На следующий день мы провели простой погребальный обряд для наших отцов, а через месяц – свадебный. Нандини к этому времени полностью поправилась».
2. Восхождение
Мудрец постелил циновку из травы куша на шкуру оленя, сел, скрестил ноги и, прикрыв глаза, погрузился в медитацию. Перед его внутренним взором возникла площадь, залитая полуденным солнечным светом. Там стояло несколько брахманов в шафрановых одеждах, окропленных кровью. Они спокойно молились, их глаза были полуприкрыты. Несколько солдат с мечами в руках быстро подходят к ним. Злая сталь резко входит в тела, жаля прямо в сердца, и брахманы, инстинктивно вскинув руки, словно пытаясь набрать в ладони эту горячую сердечную боль, падают на каменные плиты, желтые от песка, принесенного безразличным ветром.

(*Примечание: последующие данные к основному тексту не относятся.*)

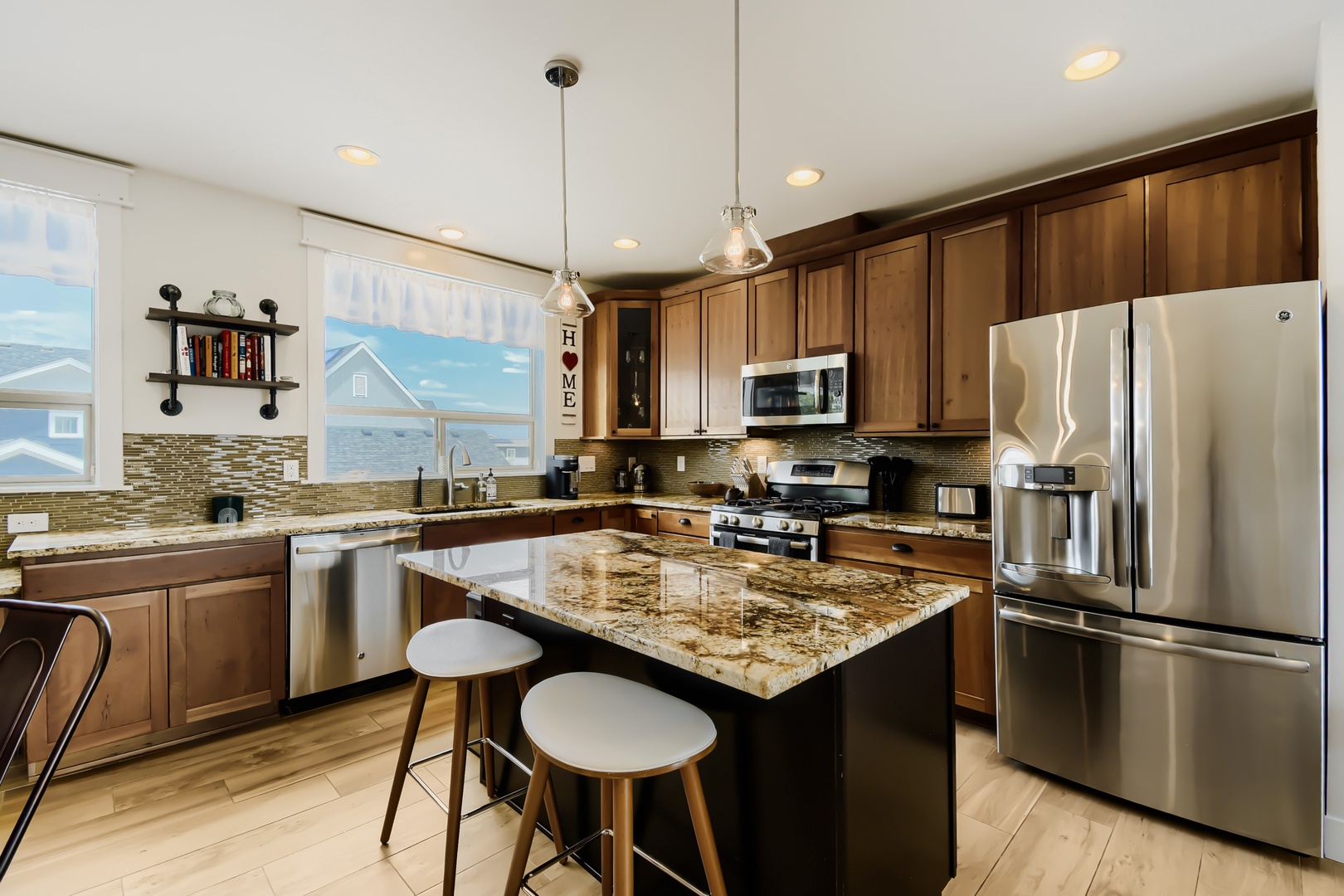 Picture yourself preparing meals in this bright, fully equipped kitchen with granite counters, modern appliances, and stunning water views through the windows—your home away from home awaits.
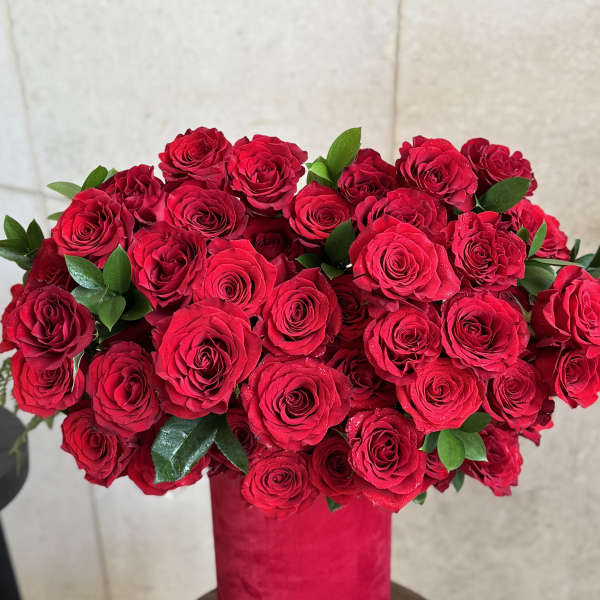 Red rose bouquet in a pink cylindrical vase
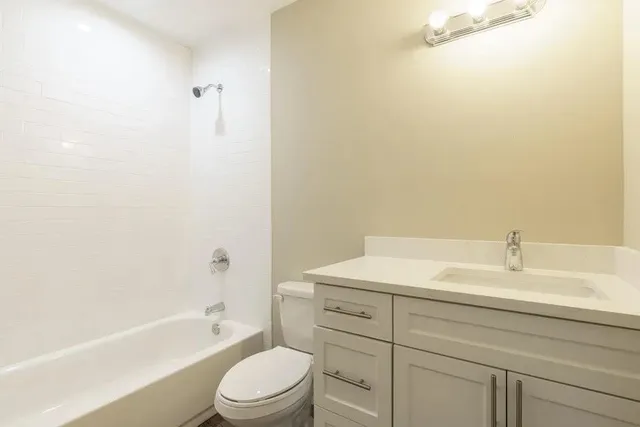 a bathroom with a sink and a bathtub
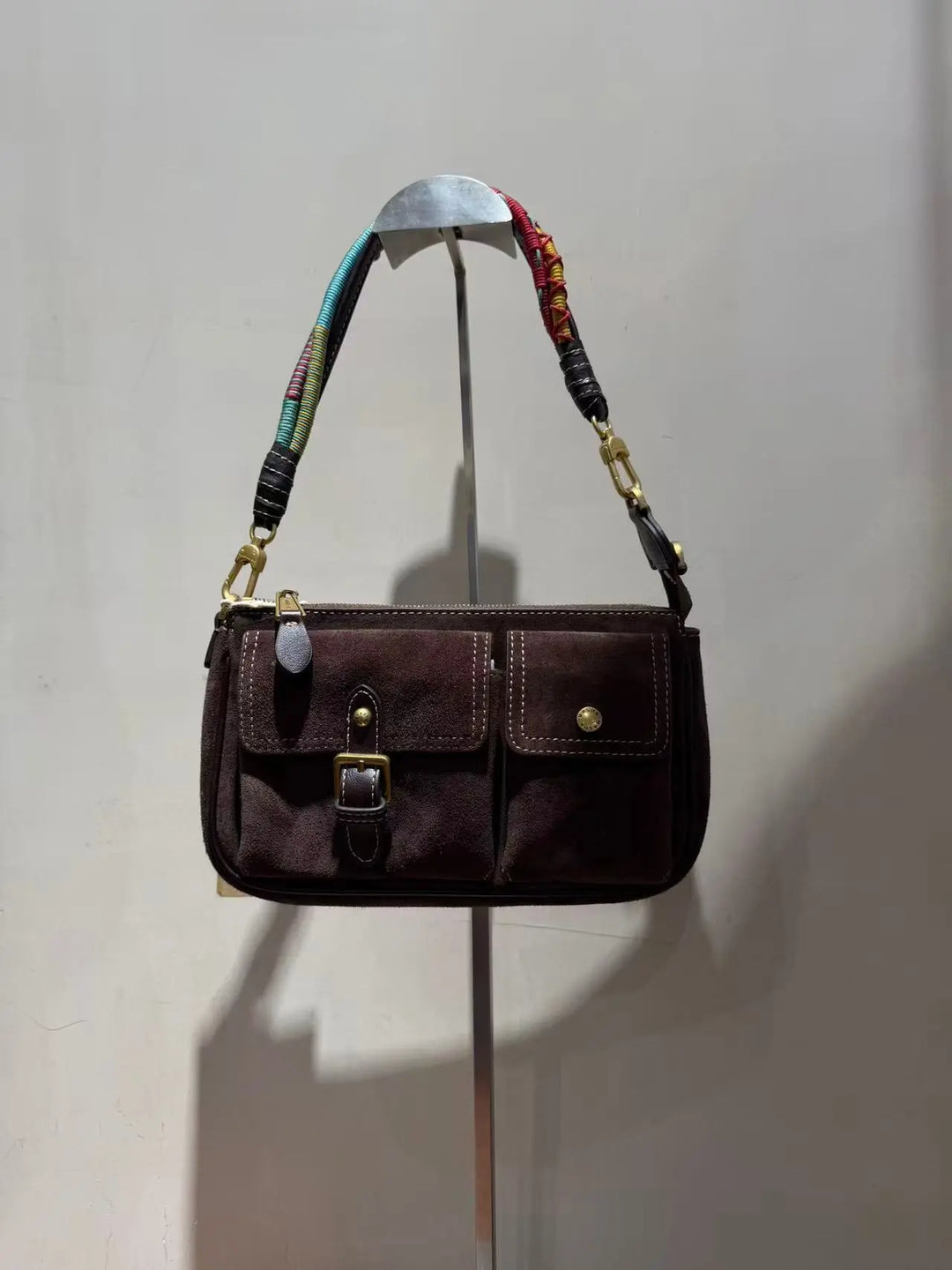 An image of a   TF7250 Buckle-Pocket Baguette Bag by  Mirra Masa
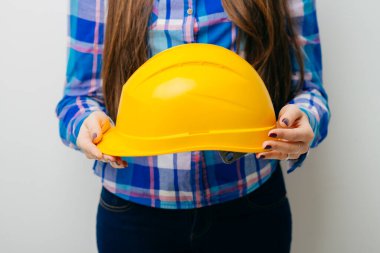 Sarı miğfer tutan mutlu genç kadın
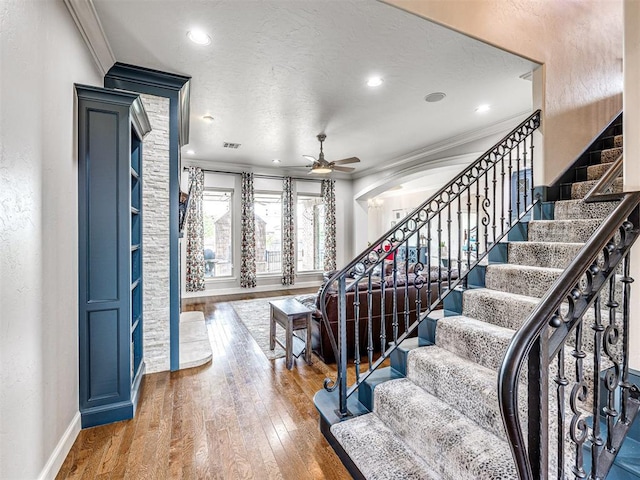 entryway featuring ceiling fan, wood-type flooring, and ornamental molding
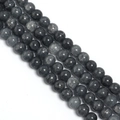 Macro detail of dark grey cracked glass round beads for DIY jewelry and accessory making - Black Floral Round Bead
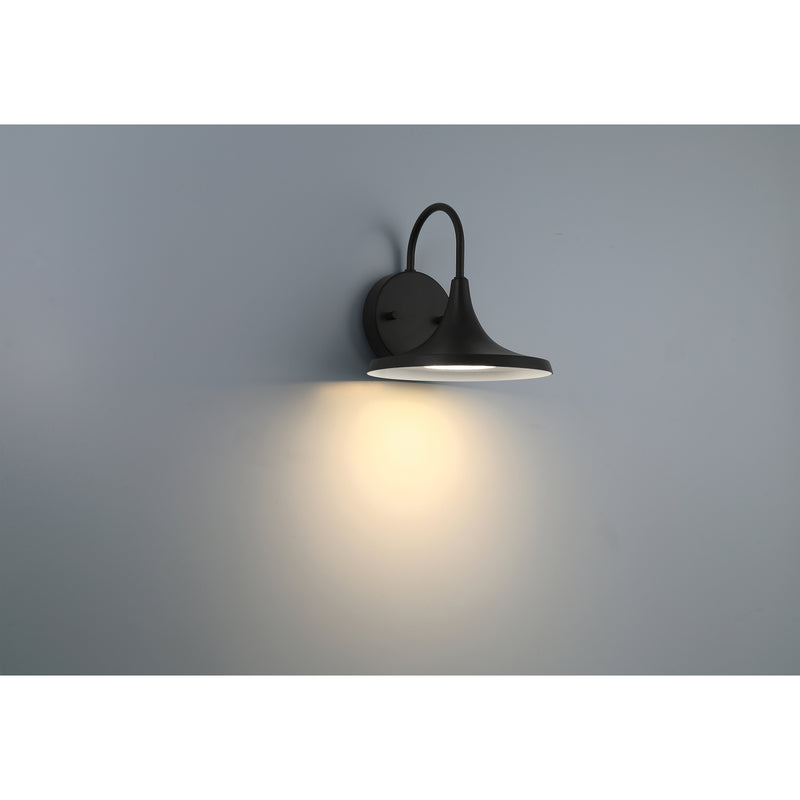 Black wall-mounted light fixture on a gray wall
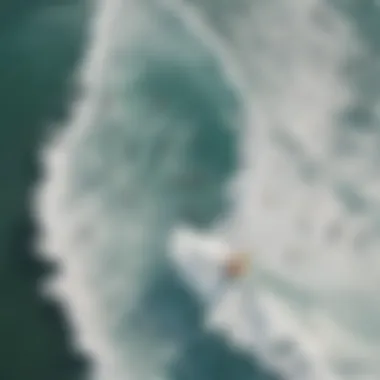 Aerial Perspective of Surfing Action Aerial view of surfers catching waves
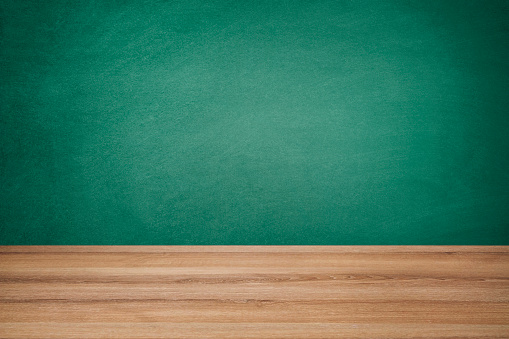 Empty school desk against green chalkboard background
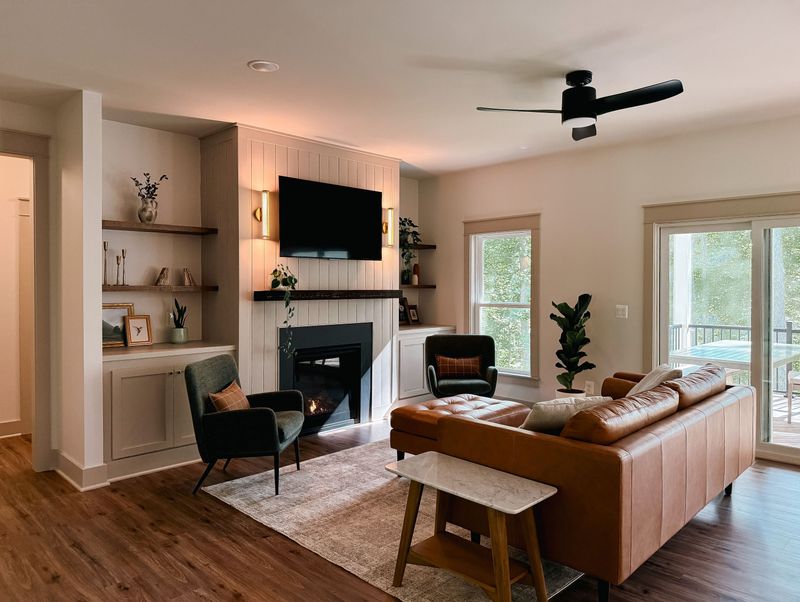 Cozy modern living room with fireplace, TV, and bright outdoor views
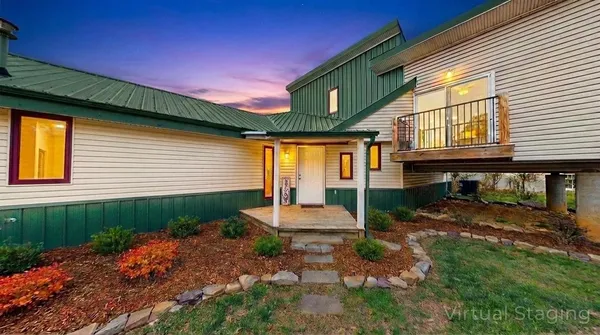 an aerial view of a house with a yard basket ball court and outdoor seating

Его друг Митра Муни лежал на потемневшем песке рядом с другими. На окровавленном лице – ни тени беспокойства. Он принял эту смерть смиренно, зная, что так предрешено.
В своем сознании он переносится дальше.
Там на полянке перед старой хижиной сидит Джагай, сын Митры Муни. С ним его сестра Нандини и жена Асури.
Мудрец закрыл глаза и погрузился в транс. Он сосредоточил свой ум на цели и за одно мгновение перенесся через космическое пространство, преодолев громадное расстояние от планеты Семи Мудрецов до Земли.